Is it a good idea to store data as keys in HashMap with empty/null values?

dozer :

I had originally written an ArrayList and stored unique values (usernames, i.e. Strings) in it. I later needed to use the ArrayList to search if a user existed in it. That's O(n) for the search.

My tech lead wanted me to change that to a HashMap and store the usernames as keys in the array and values as empty Strings.

So, in Java -

hashmap.put("johndoe","");

I can see if this user exists later by running -

hashmap.containsKey("johndoe"); 

This is O(1) right?

My lead said this was a more efficient way to do this and it made sense to me, but it just seemed a bit off to put null/empty as values in the hashmap and store elements in it as keys.

My question is, is this a good approach? The efficiency beats ArrayList#contains or an array search in general. It works. My worry is, I haven't seen anyone else do this after a search. I may be missing an obvious issue somewhere but I can't see it.

janos :

Since you have a set of unique values, a Set is the appropriate data structure. You can put your values inside HashSet, an implementation of the Set interface.

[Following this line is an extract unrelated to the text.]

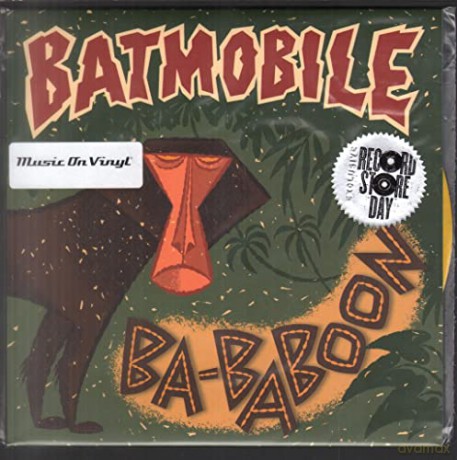 Batmobile: 7-Ba-Baboon -Coloured- (Limited) [Winyl]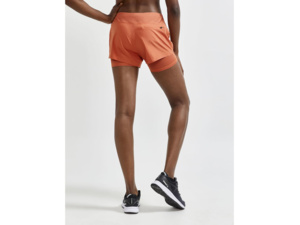 Dámské kraťasy CRAFT ADV Essence 2v1 Orange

My lead said this was a more efficient way to do this and it made sense to me, but it just seemed a bit off to put null/empty as values in the hashmap and store elements in it as keys.

The advice of the lead is flawed. Map is not the right abstraction for this, Set is. A Map is appropriate for key-value pairs. But you don't have values, only keys.

Example usage:

Set<String> users = new HashSet<>(Arrays.asList("Alice", "Bob"));

System.out.println(users.contains("Alice"));
// -> prints true

System.out.println(users.contains("Jack"));
// -> prints false

Using a Map would be awkward, because what should be the type of the values? That question makes no sense in your use case, as you have just keys, not key-value pairs. With a Set, you don't need to ask that, the usage is perfectly natural.

This is O(1) right?

Yes, searching in a HashMap or a HashSet is O(1) amortized worst case, while searching in a List or an array is O(n) worst case.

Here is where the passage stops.